La rabbia è ritenuta un sentimento negativo che obnubila la mente e aumenta la pressione arteriosa ma in realtà, se utilizzata nel modo giusto, diventa un motore per raggiungere gli obiettivi.
Secondo i ricercatori di un università olandese infatti, la rabbia attiverebbe alcune aree dell’emisfero sinistro del cervello che in genere sono associate alle emozioni positive.
Le persone diventano quindi motivate a fare qualcosa di concreto per raggiungere l’obiettivo che risulta essere gratificante per loro.
Così è stato condotto un esperimento, sono stati raggruppati alcuni volontari alla visione di alcuni oggetti comuni su un monitor, come ad esempio una penna o un piatto, prima però che comparisse l’oggetto in quesione, sul monitor compariva per un brevissimo lasso di tempo la foto di un viso con un’espressione neutrale, oppure arrabbiato o con esperssione di dolore e i volontari associavano inconsciamente all’oggetto che si palesava sullo schermo poco dopo.
Successivamente, ai volontari è stato chiesto di stringere una manopola nel momento in cui desideravano un oggetto, chi la stringeva più forte lo otteneva, accaparrandosi il premio. Il risultato è stato che coloro i quali vedevano immagini di volti rabbiosi tendevano a stringere molto di più.

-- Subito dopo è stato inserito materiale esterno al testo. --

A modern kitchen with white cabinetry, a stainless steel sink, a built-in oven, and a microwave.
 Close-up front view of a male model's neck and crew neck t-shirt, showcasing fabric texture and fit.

Questo è il risultato di un processo evolutivo che spiega appunto che in tempi lontani ed in situazioni di scarsità di cibo, la rabbia, che sfociava in aggressività avrebbero permesso agli individui dell’epoca di aggiudicarsi il poco cibo disponibile col risultato di riuscire a sopravvivere.
Questo spiega che la rabbia ha permesso un percorso evolutivo che ci ha portato fino ai giorni nostri, altrimenti saremmo tutti morti di fame e la specie non si sarebbe evoluta.
E’ importante quindi non reprimere la rabbia, soprattutto sul posto di lavoro, perchè, oltre a provocare danni cardiaci è il posto in cui di solito si tende a raggungere i risultati ed è importante quindi, soprattutto in situazioni di mobbing, ad esempio, non nascondere il proprio rancore ma esprimerlo, per non somatizzarlo fino ad arrivare a sintomi peggiori come l’ansia o la depressione.